October 15, 2019

Java, Let me use the damn FileDescriptor!

Last Update 2024-01-30, see below

Recently I hacked on some utility in Java which should be able to bind low ports like 80 or 443 on demand without running as root. When I needed to bind these port I wanted to execute an external process as root which opens the ports for the main process and then sends the ports via Unix domain socket.

So, for FileOutputStream, RandomAccessFile, etc allow you to get the FileDescriptor. Next up was to find a way to use Unix domain sockets to send the file descriptor. I pretty quickly found the junixsocket library which does exactly that. It allows sending the file descriptors, great!

AFUNIXSocket socket = ...

FileInputStream fin = new FileInputStream(file);
// you can also send more than one FD at the same time, just make sure they're all part of the same call to setOutboundFileDescriptors.

// Ancillary messages are sent _along_ regular in-band messages, so we have to send something here.
os.write("Some message".getBytes("UTF-8"));

Getting the FileDescriptor: Trouble Starts

Now I want onto creating the internet sockets and getting the FileDescriptors out. Well unlike the file classes there seems no official API. The best option I’ve found a getFD method on the ServerSocketChannel implementation. It’s not an official API and you have to break it open with reflection. Ugly ugly!.

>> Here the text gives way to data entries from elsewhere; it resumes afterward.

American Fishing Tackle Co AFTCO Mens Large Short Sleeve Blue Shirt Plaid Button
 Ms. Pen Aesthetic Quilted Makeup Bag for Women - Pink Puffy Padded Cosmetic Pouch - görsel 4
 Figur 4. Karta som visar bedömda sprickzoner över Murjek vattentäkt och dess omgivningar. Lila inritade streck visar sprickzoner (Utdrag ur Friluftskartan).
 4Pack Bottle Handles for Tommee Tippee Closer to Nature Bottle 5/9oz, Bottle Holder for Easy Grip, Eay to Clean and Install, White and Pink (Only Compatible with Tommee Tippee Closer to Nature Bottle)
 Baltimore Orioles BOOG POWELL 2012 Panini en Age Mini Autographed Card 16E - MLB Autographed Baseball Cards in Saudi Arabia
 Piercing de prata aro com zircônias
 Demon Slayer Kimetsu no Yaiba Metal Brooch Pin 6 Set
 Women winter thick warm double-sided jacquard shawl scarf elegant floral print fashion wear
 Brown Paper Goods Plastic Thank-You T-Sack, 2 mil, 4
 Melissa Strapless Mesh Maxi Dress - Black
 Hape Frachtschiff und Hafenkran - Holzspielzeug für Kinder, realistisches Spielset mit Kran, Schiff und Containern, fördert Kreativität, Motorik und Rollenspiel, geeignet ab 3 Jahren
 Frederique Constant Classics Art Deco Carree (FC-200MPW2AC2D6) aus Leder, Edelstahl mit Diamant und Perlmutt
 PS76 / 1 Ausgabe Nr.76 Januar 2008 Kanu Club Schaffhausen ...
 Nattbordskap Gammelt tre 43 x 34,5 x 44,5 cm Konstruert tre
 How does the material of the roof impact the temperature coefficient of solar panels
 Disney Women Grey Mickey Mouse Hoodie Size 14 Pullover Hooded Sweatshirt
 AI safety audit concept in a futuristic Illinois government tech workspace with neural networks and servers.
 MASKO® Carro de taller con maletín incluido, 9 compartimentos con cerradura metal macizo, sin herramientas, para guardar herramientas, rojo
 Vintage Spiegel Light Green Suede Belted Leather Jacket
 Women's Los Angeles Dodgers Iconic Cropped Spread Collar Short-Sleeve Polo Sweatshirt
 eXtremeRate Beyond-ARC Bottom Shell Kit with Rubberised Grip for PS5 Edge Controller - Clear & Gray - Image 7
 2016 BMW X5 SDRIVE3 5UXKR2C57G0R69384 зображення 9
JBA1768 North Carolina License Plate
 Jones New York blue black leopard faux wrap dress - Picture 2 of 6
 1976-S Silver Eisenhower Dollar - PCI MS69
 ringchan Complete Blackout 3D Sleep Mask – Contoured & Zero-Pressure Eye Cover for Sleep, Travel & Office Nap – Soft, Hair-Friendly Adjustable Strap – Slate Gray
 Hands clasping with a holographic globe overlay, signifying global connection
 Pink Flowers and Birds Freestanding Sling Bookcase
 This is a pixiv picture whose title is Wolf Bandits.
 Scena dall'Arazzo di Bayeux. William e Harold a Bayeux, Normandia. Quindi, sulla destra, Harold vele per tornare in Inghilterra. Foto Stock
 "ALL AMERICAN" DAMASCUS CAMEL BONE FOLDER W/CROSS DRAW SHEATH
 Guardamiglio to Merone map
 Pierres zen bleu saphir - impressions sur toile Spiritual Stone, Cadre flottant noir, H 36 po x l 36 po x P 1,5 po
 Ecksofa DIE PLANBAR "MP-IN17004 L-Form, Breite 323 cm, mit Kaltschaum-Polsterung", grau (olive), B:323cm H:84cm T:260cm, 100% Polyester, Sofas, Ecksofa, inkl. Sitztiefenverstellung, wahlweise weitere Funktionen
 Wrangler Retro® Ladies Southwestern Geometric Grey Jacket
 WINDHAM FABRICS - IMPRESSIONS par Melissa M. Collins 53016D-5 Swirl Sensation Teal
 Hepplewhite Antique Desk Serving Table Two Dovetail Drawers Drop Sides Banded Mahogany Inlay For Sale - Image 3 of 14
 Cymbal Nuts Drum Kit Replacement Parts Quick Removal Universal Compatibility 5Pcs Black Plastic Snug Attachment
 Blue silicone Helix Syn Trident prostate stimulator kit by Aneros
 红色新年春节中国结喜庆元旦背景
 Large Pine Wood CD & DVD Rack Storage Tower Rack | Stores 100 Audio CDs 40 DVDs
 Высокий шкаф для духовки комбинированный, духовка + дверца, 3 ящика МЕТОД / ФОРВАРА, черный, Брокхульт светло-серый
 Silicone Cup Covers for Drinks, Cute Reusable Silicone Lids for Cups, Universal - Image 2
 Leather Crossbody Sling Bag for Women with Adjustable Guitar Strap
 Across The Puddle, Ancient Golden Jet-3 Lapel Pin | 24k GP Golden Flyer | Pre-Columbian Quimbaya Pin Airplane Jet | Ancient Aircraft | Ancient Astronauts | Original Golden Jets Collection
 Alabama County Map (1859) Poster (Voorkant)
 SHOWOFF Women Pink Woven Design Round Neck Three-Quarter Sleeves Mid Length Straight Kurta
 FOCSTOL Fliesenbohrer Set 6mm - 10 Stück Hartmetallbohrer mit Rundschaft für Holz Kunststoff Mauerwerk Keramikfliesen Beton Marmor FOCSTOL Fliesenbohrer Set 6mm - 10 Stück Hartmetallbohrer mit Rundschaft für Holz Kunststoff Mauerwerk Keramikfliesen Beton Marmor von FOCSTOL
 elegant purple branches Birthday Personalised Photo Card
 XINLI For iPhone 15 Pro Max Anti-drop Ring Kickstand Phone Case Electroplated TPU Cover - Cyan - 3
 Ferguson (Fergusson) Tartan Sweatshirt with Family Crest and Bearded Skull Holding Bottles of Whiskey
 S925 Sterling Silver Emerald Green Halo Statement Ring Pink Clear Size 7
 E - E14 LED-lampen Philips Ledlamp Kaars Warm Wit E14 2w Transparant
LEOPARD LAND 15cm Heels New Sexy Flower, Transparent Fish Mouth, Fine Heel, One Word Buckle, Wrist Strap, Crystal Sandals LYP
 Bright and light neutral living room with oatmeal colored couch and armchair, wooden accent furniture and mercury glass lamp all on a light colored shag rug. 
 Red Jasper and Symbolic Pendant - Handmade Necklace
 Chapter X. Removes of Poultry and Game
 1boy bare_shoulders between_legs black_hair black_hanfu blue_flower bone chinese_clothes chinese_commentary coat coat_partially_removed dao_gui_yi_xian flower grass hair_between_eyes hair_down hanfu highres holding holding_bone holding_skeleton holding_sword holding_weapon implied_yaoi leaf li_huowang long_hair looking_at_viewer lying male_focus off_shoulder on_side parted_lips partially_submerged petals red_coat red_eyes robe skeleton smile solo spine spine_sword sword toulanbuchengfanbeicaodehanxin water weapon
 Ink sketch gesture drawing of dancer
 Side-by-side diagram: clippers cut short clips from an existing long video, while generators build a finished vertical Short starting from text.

ServerSocketChannel serverSocket = ServerSocketChannel.open();
serverSocket.bind(new InetSocketAddress("", 13423));

// Breaking open the implementation via reflection. Java 11+ will warn you by default about this bad idea
// No grantees to work in future versions
Method getFD = serverSocket.getClass().getMethod("getFD");
FileDescriptor fd = (FileDescriptor)getFD.invoke(serverSocket);

System.out.println("The FileDescriptor" + fd);

Of course, Java 11+ will warn you about your bad hack:

WARNING: An illegal reflective access operation has occurred
WARNING: Illegal reflective access by info.gamlor.testing.Main (file:/home/gamlor/hacking/test-test/out/production/test-test/) to method sun.nio.ch.ServerSocketChannelImpl.getFD()
WARNING: Please consider reporting this to the maintainers of info.gamlor.testing.Main
WARNING: Use --illegal-access=warn to enable warnings of further illegal reflective access operations
WARNING: All illegal access operations will be denied in a future release

Creating a ServerSocket from FileDescriptor, no way?!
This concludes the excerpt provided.